Quest’artista è considerato il pioniere dell’arte sociale, una corrente artistica che ha iniziato a costruire quasi 30 anni fa e che oggi prosegue nel suo percorso di ricerca concentrandosi sulla cultura pop, la società, le disuguaglianze, l’inclusione e la diversità, l’etica e i diritti umani. Di recente, poi, il lavoro che tratta della mastectomia, intervento chirurgico usato per debellare il tumore al seno.
Quello di Angelina è solo uno tra i tanti volti più famosi dei nostri tempi simbolo della lotta al tumore del seno. Già nel 2015 Palombo aveva trattato il tema del cancro al seno ritraendo le eroine dei cartoon, dalle principesse Disney come: Biancaneve, Jasmine, Cenerentola, Ariel, Aurora e Tiana, fino a Marge Simpson, Wonder Woman, Olivia, Wilma Flintstone, Betty Boop e Jessica Rabbit. Vennero rappresentate tutte come sopravvissute, con i segni della mastectomia.

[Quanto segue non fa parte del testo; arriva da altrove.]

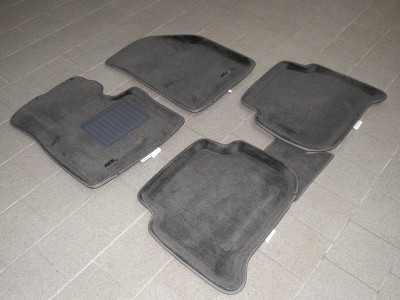 Коврики салона 3D LUX Sotra для VW Touran 2002-2010, 2 ряда 5 частей, серый цвет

Non solo, Palumbo si è espresso anche in occasione della Giornata contro la violenza sulle donne. L’anno scorso, infatti, nel mese di novembre, in alcuni punti strategici di Milano, sono apparsi i ritratti delle politiche con i segni evidenti di una violenza: da Angela Merkel a Alexandria Ocasio-Cortez, da Hillary Clinton a Michelle Obama.

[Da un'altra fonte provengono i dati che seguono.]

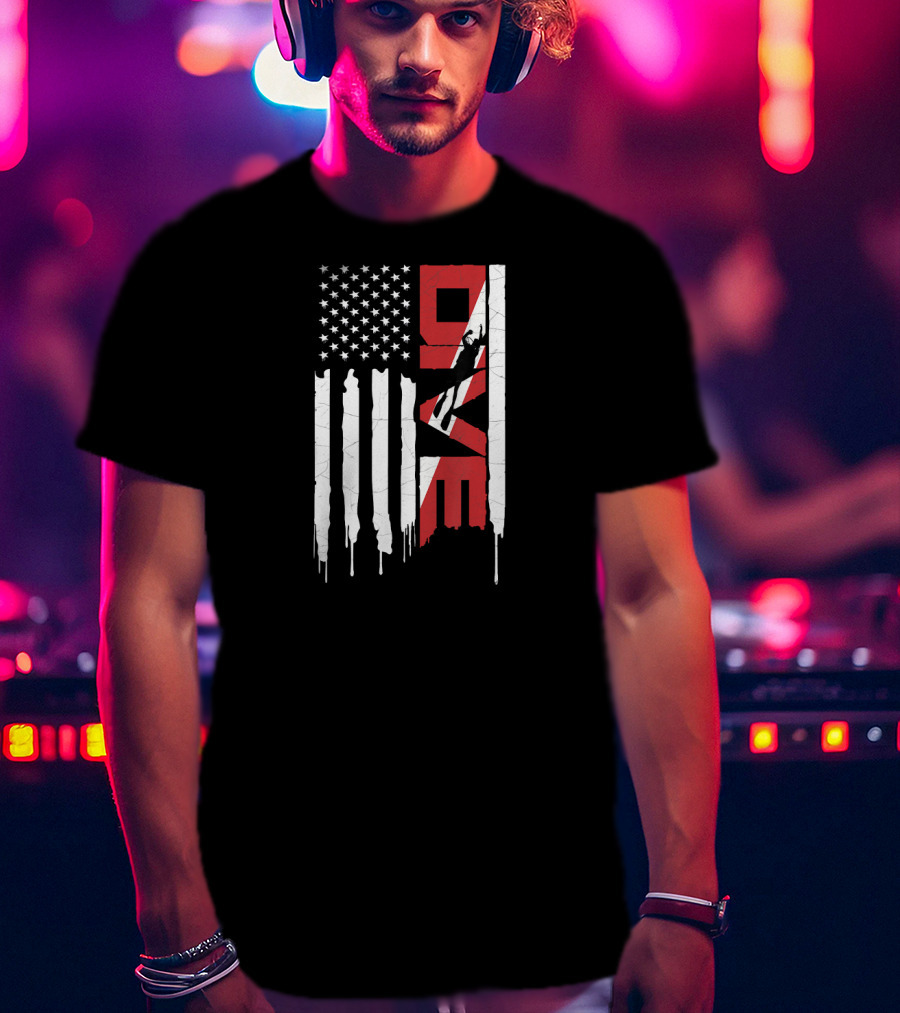 American Flag Scuba Diving DIVE With Diver T-Shirt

L’attrice hollywoodiana Angelina Jolie, tra le più brillanti star nel firmamento cinematografico, rivelò al New York Times nel 2013 di essersi sottoposta a una duplice mastectomia preventiva per ridurre il rischio di cancro, la notizia fece scalpore. Raccontò che sua madre era morta di questa patologia a soli 56 anni e che lei aveva deciso di sottoporsi a un intervento tanto invasivo proprio perché aveva scoperto un gene, il BRCA1, che aumenta le probabilità di avere un cancro al seno e alle ovaie. Con quell’intervento, disse, aveva ridotto il rischio dall’87 al 5%. Alla luce di ciò quest’opera è al contempo un monito per tutte le donne alla prevenzione e un modo per demistificare le cicatrici, per trasmettere un’idea di corpo, che pur non perfetto, può essere anche esibito con naturalezza.